The moral of all this is that you never take the first person's word for anything when you have a complaint with a phone company.
Never ever set up a direct debit as they will take too much and put your account overdrawn. Pay early instead so the don't charge you for allowing them to rob you blind.
I have no idea if this really worked. Tell them that even if you are paying the bill, you are still contacting OFCOM (If the problem, like mine, is a serious one.) You are so fed up you want to concel the contract and you will be writing, as you are a writer, a review.
I now have an EE account in credit. I have assurances from Virgin my next bill will be correct. I recorded the calls on an app I have on my phone and made the one employee in EE who finally agreed to look at my payment history send me a text saying what he had done. They are halving my bills to the end of the contract. It only occurred to me after I put the phone down that this was done because I was supposedly in financiak difficuly, but the difficulty was created by EE overcharging me in the first place.
A previous call when OFCOM gave me the number of an EE executive got me a new phone to see if it would sort out people having to text when they were trying to ring. I had been complaining for over a year!
I thought I had taken on giants and finally won.

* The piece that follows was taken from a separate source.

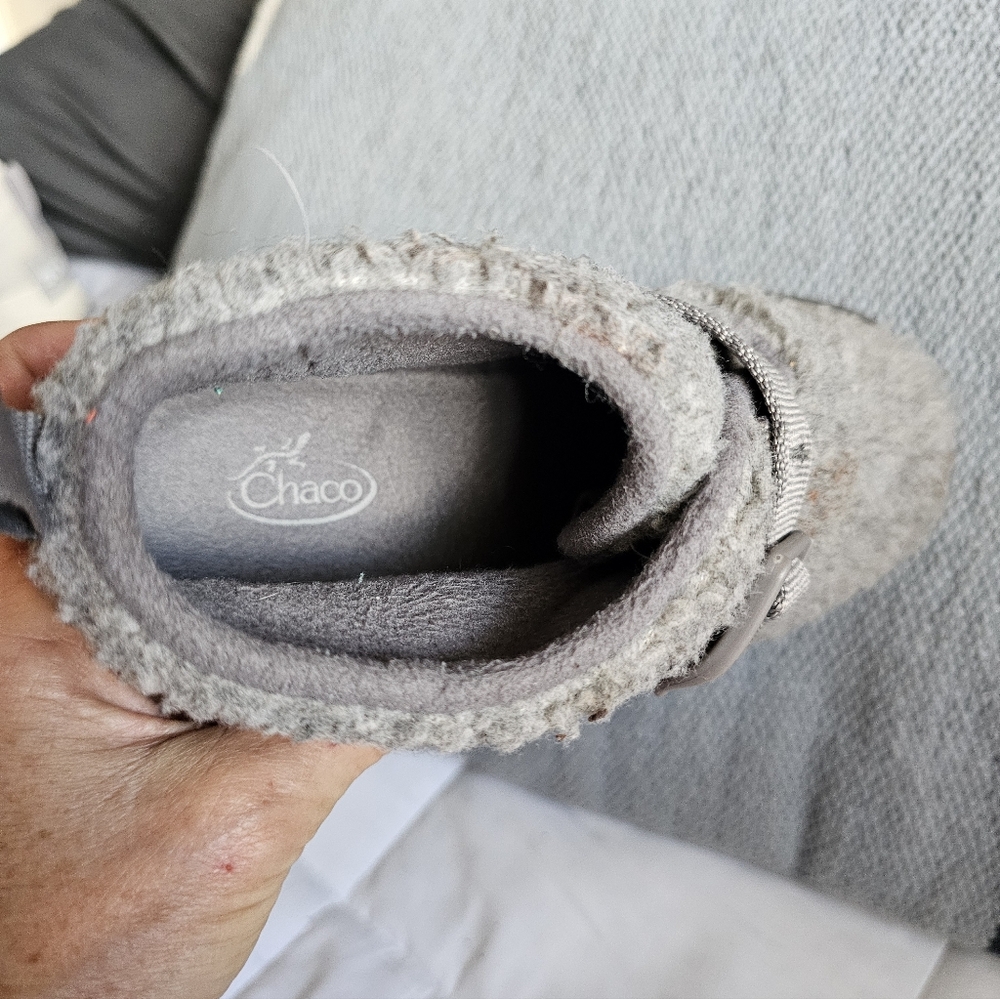 Chacos Ramble Fluff bootie. Shearling Cozy Gray Kids Sz 1. Unisex - Picture 5 of 11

Not so. I have paid EE £86 when I needed to pay £30 something and even if this wipes my next bill the £50 was needed now, for other things, and it has all been rather stressful. The man who sorted it out said some of the notes on my account were just incomprehensible.
He also told me that changes are coming in the mobile phone world. I really do hope they will be of benefit to the customer. We had a very long chat. I got "lucky" and got someone who was willing to listen and who had worked in the industry a long time.
One change I would very much like to see is that the charge for not using a direct debit is abolished. These companies make too many mistakes.
I have literally chewed the ear off of Virgin and EE. My account ended in EE's collections as I could not pay the high bill a few months ago and that might affect my credit rating. I might have been able to do so had the bill been correct.
Oh, and when you take out a contract. Make the salesperson write everything they say on the contract itself. I really did think a month's free trial from Virgin sounded too good to be true, but the salesman insisted. EE merely sold me a contract telling me that I would get a free film each montn. This offer was an old one that had ended. They record their calls. They would have mine. Call after call querying how to get these free deals. I think that it may actually nean the contract is void.
The trouble is, as with Virgin. The selling point is not in writing. It is my word against theirs.